─── SUPPLIED INFORMATION

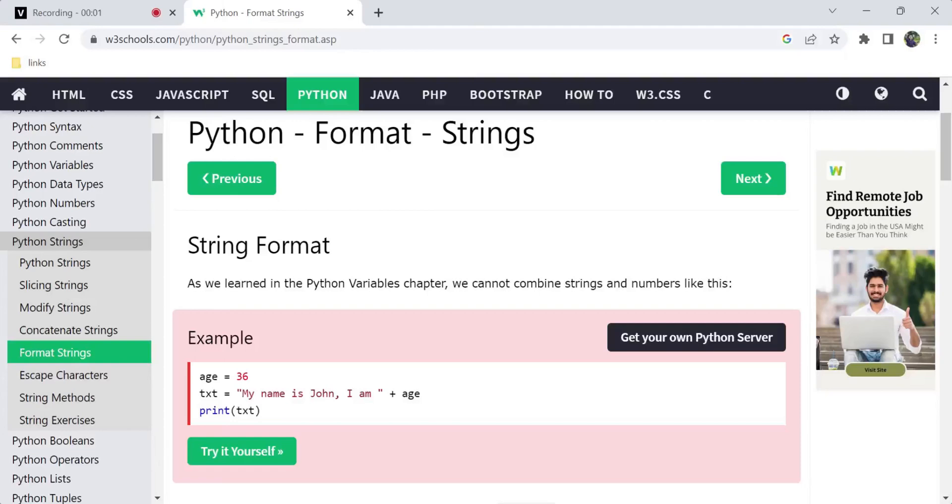Hi, hello, welcome back to my channel. Today in this video we are going to see Python format strings. I will explain string formatting in Python.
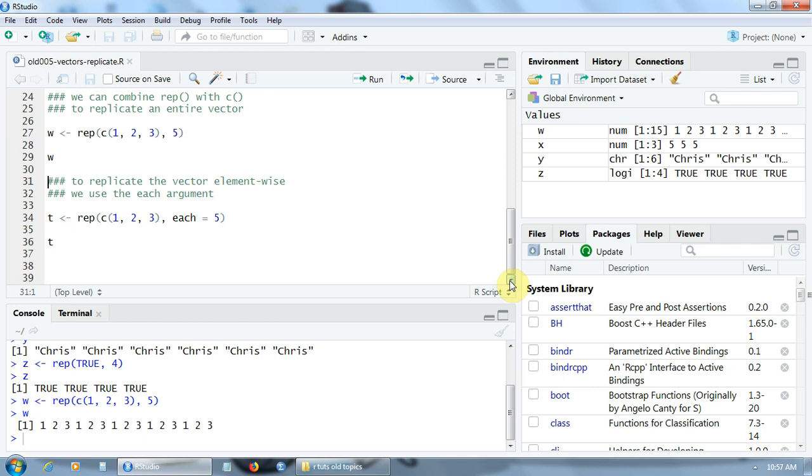For this, we have to use the each argument. Here I'm going to create a new vector T by replicating the vector 1, 2, 3 five times, but element wise. Let's see what we get.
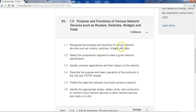So the first thing we're covering is recognizing the purpose and function of various network devices such as routers, switches, bridges, and hubs. After the first few presentations, we're going to focus on how to find resources on YouTube and Google, not just how to present them — because I want you guys to be familiar with how to search. Being a network engineer, you face a lot of problems and have to troubleshoot them, and if you don't know the solution, you have to Google it. I want to teach you from the beginning how to be a good searcher.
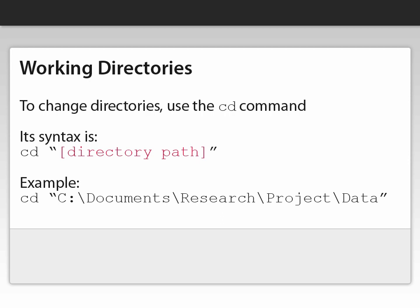To change Stata's working directory, use the cd command. The syntax is cd space quotation mark, and then the path of the directory close quotation marks. I give a concrete example here.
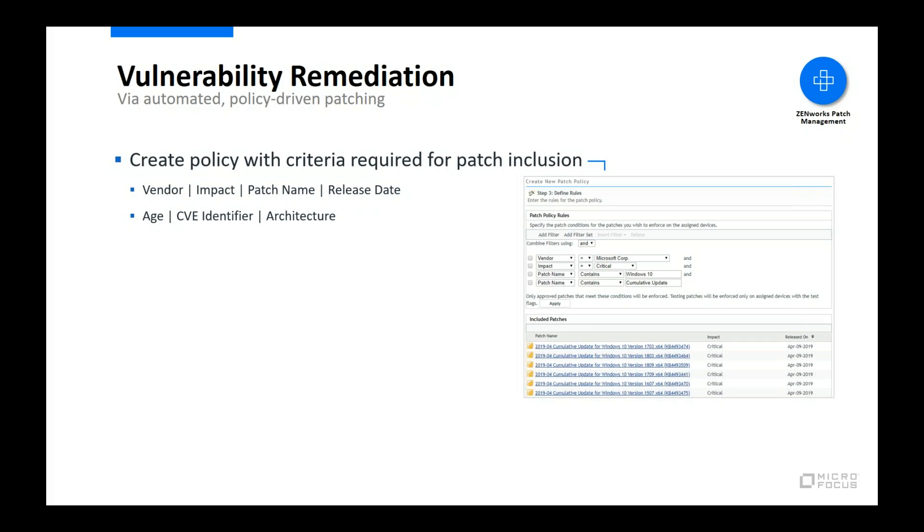Patch policies use rules to define the criteria that a patch must meet to be included in the policy. The rules include various patch attributes, such as the vendor, impact, name, or architecture. In the capture screen, the defined rules result in the policy including all critical Windows 10 cumulative updates.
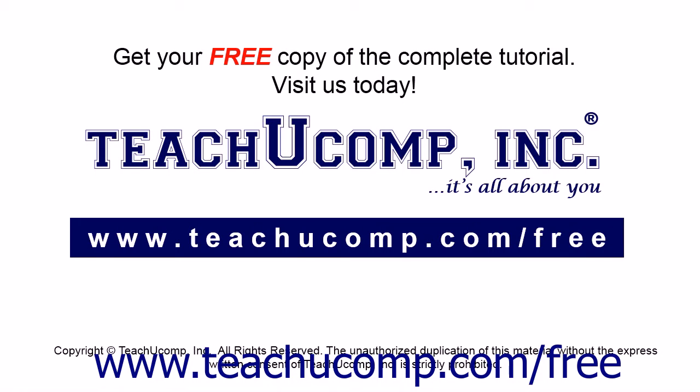Get your free copy of the complete tutorial at www.teachucomp.com forward slash free.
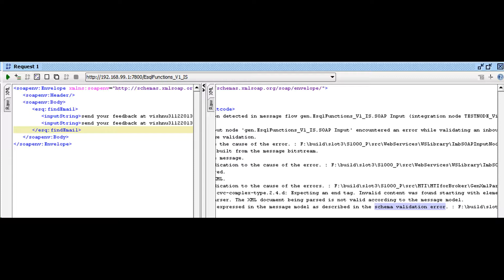It tells you that no child element is expected on line number 6 column number 23. That is the second occurrence of input string field.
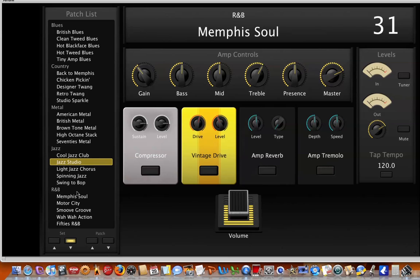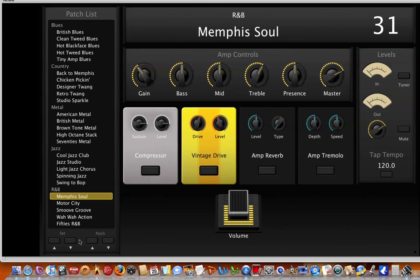So that means we've completed the configuration on both the MainStage 2 side and the FCB-1010 side successfully. We've been able to map these control switches within MainStage to our external MIDI device, which in this case is the FCB-1010. And for all intents and purposes, we are done.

──────

Each line from the line containing "Get your free" through the final line of the data above must be retyped exactly; nothing else, and no pictures, may appear.

**FINISHED EXERCISE**:
Get your free copy of the complete tutorial at www.teachucomp.com forward slash free.
It tells you that no child element is expected on line number 6 column number 23. That is the second occurrence of input string field.
So that means we've completed the configuration on both the MainStage 2 side and the FCB-1010 side successfully. We've been able to map these control switches within MainStage to our external MIDI device, which in this case is the FCB-1010. And for all intents and purposes, we are done.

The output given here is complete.